Em Lisboa, Jeanne vive um triângulo amoroso entre o Jean e o seu carismático ex-companheiro, Vítor (Nuno Lopes), agora casado e com uma filha. Dividida entre o ser e o parecer, a parisiense mantém uma postura defensiva e por vezes pretensiosa em relação a Jean. Atitudes justificadas pelo carácter, intrínsecas à sua forma de ser, comunicadas através da voz da sua consciência, com quem partilha o protagonismo do filme.
Nesta trama amorosa, Devaux consegue afastar-se do típico Amor Acontece, sem cair na atípica fórmula boy meets girl à la Woody Allen. Recorre às personagens secundárias para estruturar a personalidade protagonista, sem retirar presença ou carácter aos dois pretendentes — o que, em grande parte, se deve às excelentes performances de Laurent Lafitte e Nuno Lopes.

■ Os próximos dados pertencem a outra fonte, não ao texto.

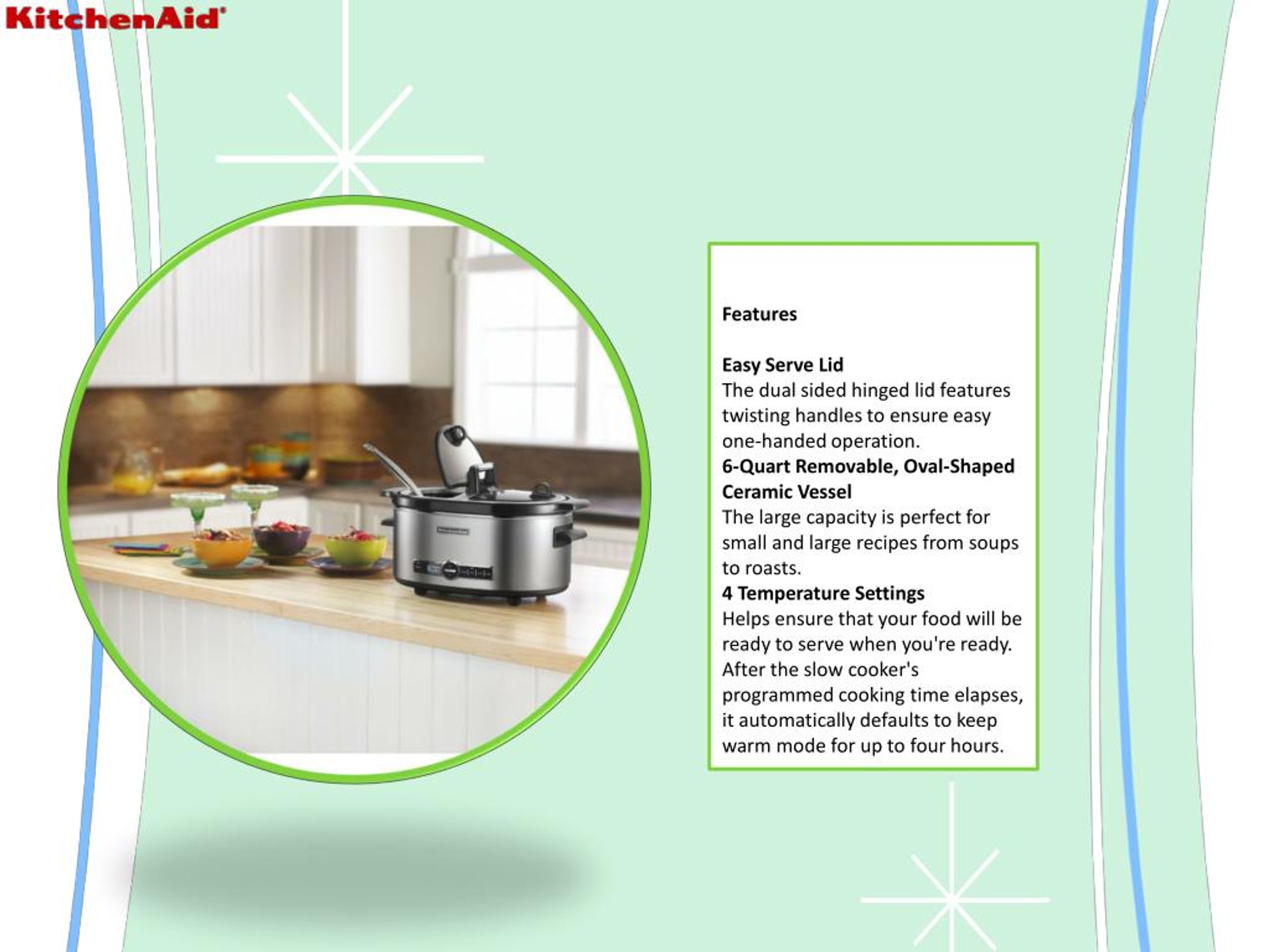 PPT KitchenAid Slow Cooker with Easy Serve Glass Lid & 24hour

A escolha da capital portuguesa não foi aleatória, tal como é referido pela personagem Jean, a determinado ponto do filme “a ansiedade é mais difícil em cenários bonitos”. A realizadora confessou, inclusivamente, sentir alguma ambiguidade na beleza de Lisboa, uma cidade radiante, de arquitetura e beleza natural, destruída pela crise económica e reerguida para ser desocupada dos seus residentes e preenchida por turistas.
À semelhança da capital lusitana e do apartamento deixado pela sua mãe, também Jeanne é um local de memórias encaixotadas, um recetáculo de pensamentos sombrios, porém, rodeado de sol e cor. Gardin transparece esta ideia com destreza e simplicidade, seja pela expressão corporal como pelas feições que correspondem à voz da consciência de Jeanne. Estas características da protagonista parecem surgir para desmistificar alguns dos preconceitos criados em torno da temática da depressão. O filme recorre frequentemente ao humor, negro e acídico, para criar momentos de seriedade e introspeção, tal como refere a realizadora “é como rir num funeral”, evitando assim o sentimento de pena e comiseração e apelando antes à empatia, que afunda como uma rocha em momentos do quotidiano da protagonista.
Apesar dos lugares-comuns que o ponto de partida fornece, “Toda a Gente Gosta de Jeanne” é um filme audaz no seu conteúdo, que desafia as convenções da típica comédia romântica através de um ótimo trabalho de escrita de argumento e aborda temáticas como a saúde mental, a depressão e o luto de forma atual e singular, sem recorrer a clichés e dramatismos desnecessários.
A voz interior da protagonista, representada por breves segmentos de animação, da autoria da realizadora, desempenha um dos papéis centrais do filme. Estas tiras animadas, além de muito bem concebidas, resultado dos anos de experiência de Dévaux em curtas-metragens de animação (Vie et mort de l’Illustre Grigori Efimovitch Raspoutine; Le repas dominical), apresentam um poderoso elemento de dimensão e construção de personagem.
Apesar de ser, em parte, exímio na execução, o filme fica a desejar na forma e na expressão audiovisual, no sentido em que apenas assistimos a vislumbres de uma nova e promissora voz do cinema francês. É evidente que Dévaux procura uma identidade ao experimentar com enquadramentos e justapondo com animações que ilustram a consciência da protagonista, no entanto, na grande maioria das cenas, a realizadora parece jogar pelo seguro, mantendo-se dentro das convenções da linguagem cinematográfica.
Em última análise, “Toda a Gente Gosta de Jeanne”, um filme sobre “uma mulher que pilota aviões, fica sem radar e perde-se no céu”, é uma obra ligeira, soalheiro, que diverte e bem-dispõe.